Should it be required to convert the production vessel 2 of Figures 1 and 2 to a different use, then cleaning thereof can be carried out by any convenient method which will remove residual powder material therein, such as suction or use of a solvent and at an appropriate stage in the cleaning operation, a transport container 10 will be attached to the production vessel in the manner already described in detail with reference to Figures 1 to 3b. The waste material from the production unit will then be passed into the transport container 10. When the transport container is separated from the production vessel, it can be supplied immediately to an incinerator. No encroachment of waste material on the environment will have taken place during the transfer.
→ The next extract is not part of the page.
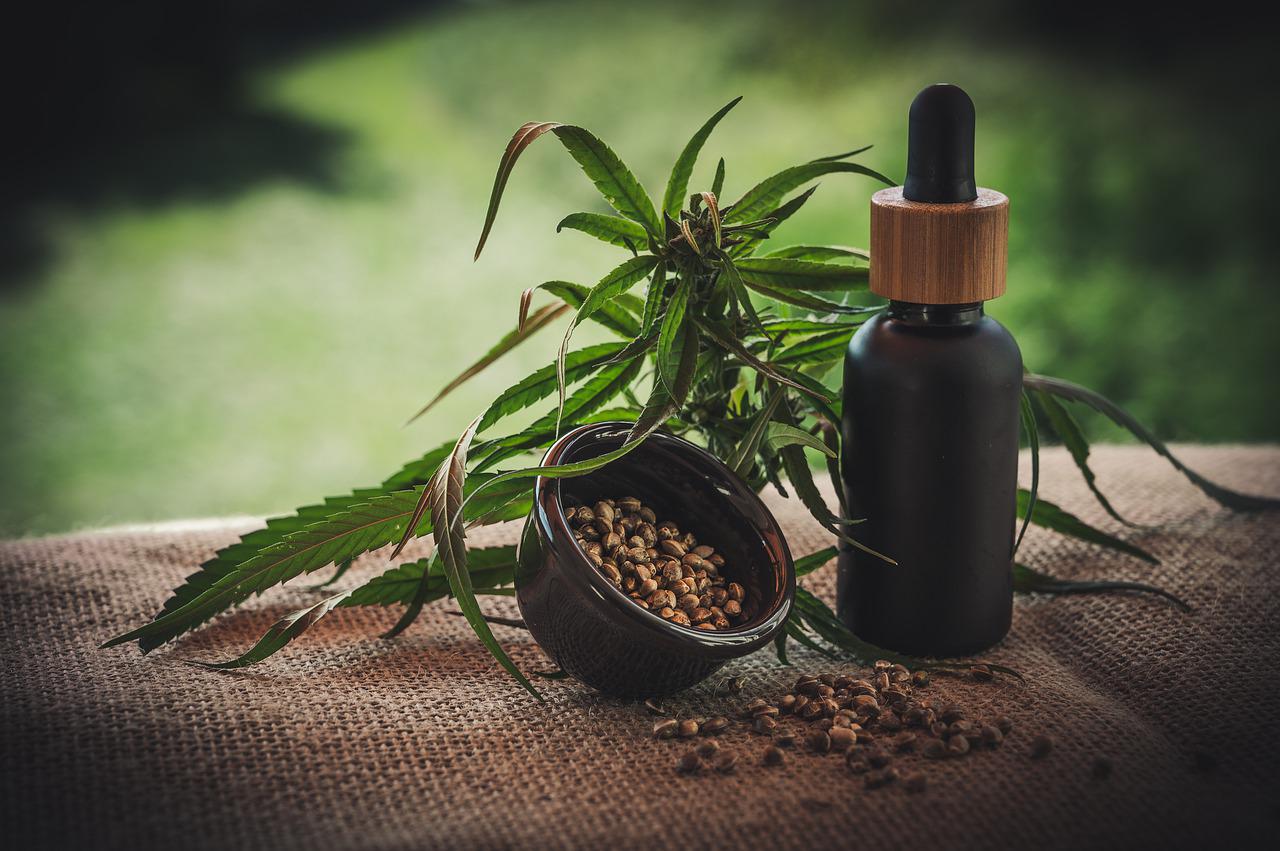 CBD bottle with cannabis leaves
While the invention has been described with particular reference to the removal of a powder product from a production vessel or storage vessel for transporting to a handling location at which the powder product can enter a further vessel for whatever treatment it is to be subjected to, the invention is not limited to such use. Any material able to be transferred from vessel to container for safe handling can be transported by the method of this invention, including closure elements to be decontaminated,

"sharps" from medical practice to be disposed of and liquid products. The method can be used conveniently whether the con tents of the vessel to be transported are known to need to be excluded from contact with the environment because of their toxicity or the like, because they are unsafe to handle or because of their

potential as sources of danger requiring precautional safe handling measures.